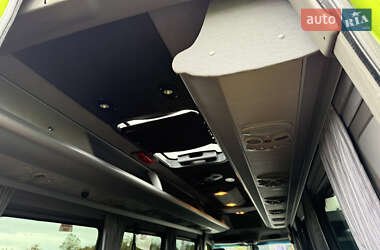 Туристический / Междугородний автобус Mercedes-Benz Sprinter 2014 в 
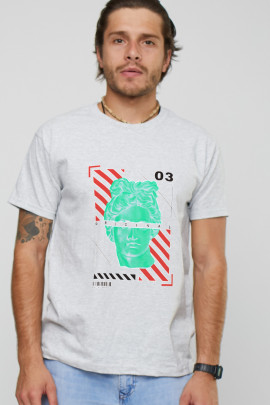 Футболка мужская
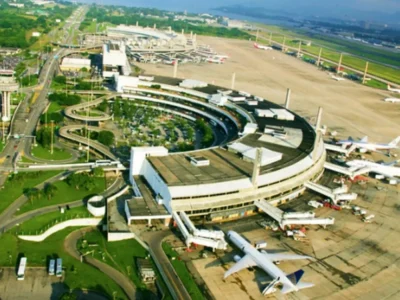 Ministério do Trabalho apura exploração nos aeroportos do Rio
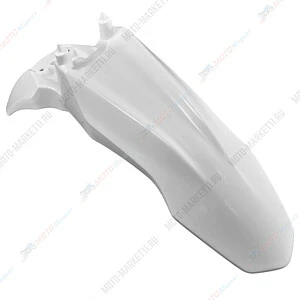 Крыло переднее KAYO KRZ белое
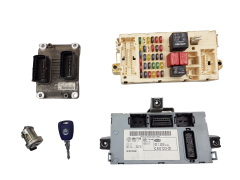 Starter Kit Fiat Punto 46769403 46817786 46758963 1.2 16V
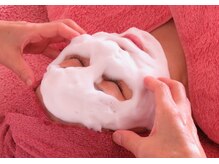 パルテール/使用する化粧品はDrコスメ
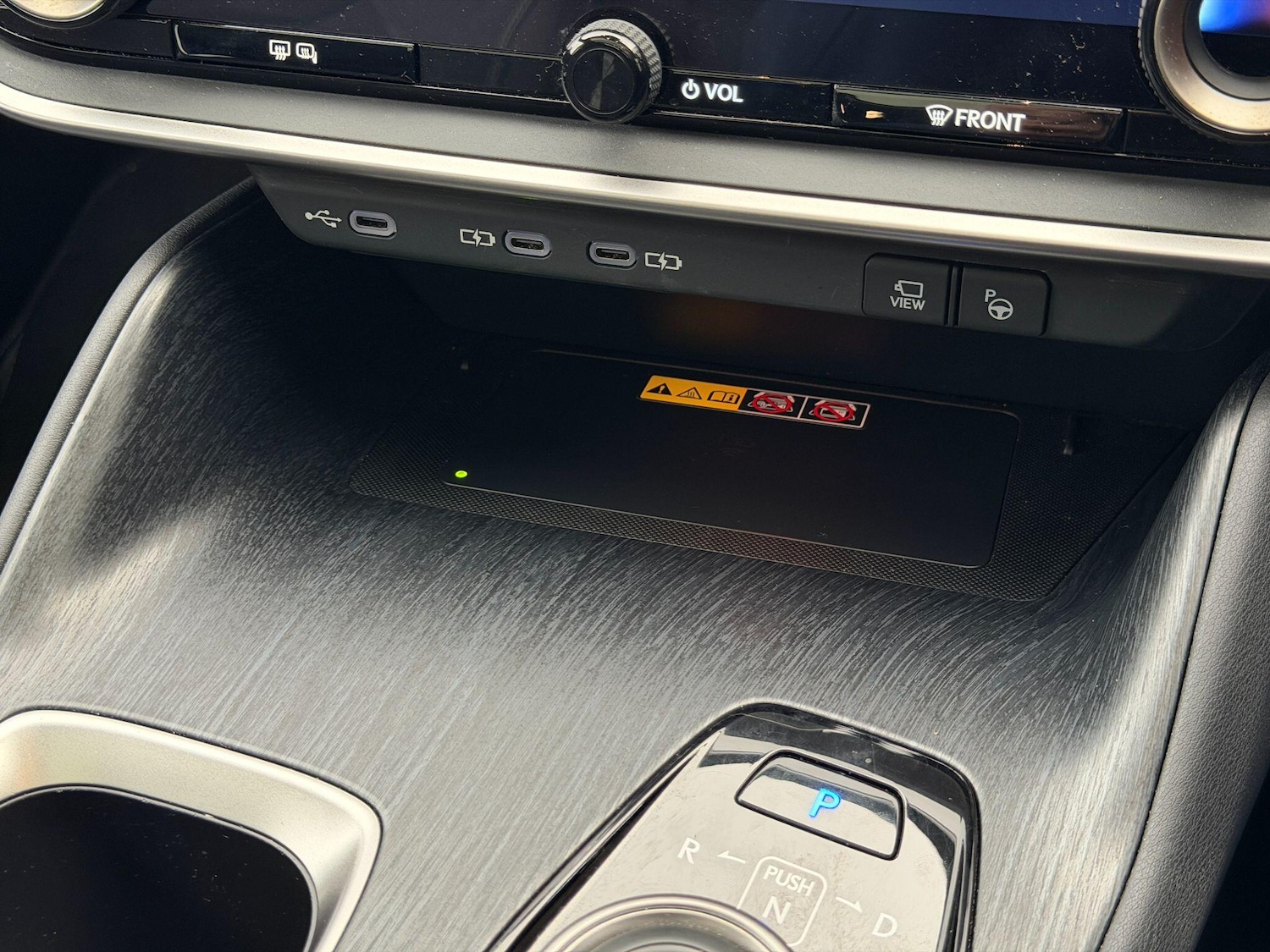 Used Lexus RZ 2023 for sale - 76136490: Photo 43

──────

WHAT IS NEEDED
Having removed the pictures, write out the records exactly as they stand.

TASK SOLUTION
 Туристический / Междугородний автобус Mercedes-Benz Sprinter 2014 в 
 Футболка мужская
 Ministério do Trabalho apura exploração nos aeroportos do Rio
 Крыло переднее KAYO KRZ белое
 Starter Kit Fiat Punto 46769403 46817786 46758963 1.2 16V
 パルテール/使用する化粧品はDrコスメ
 Used Lexus RZ 2023 for sale - 76136490: Photo 43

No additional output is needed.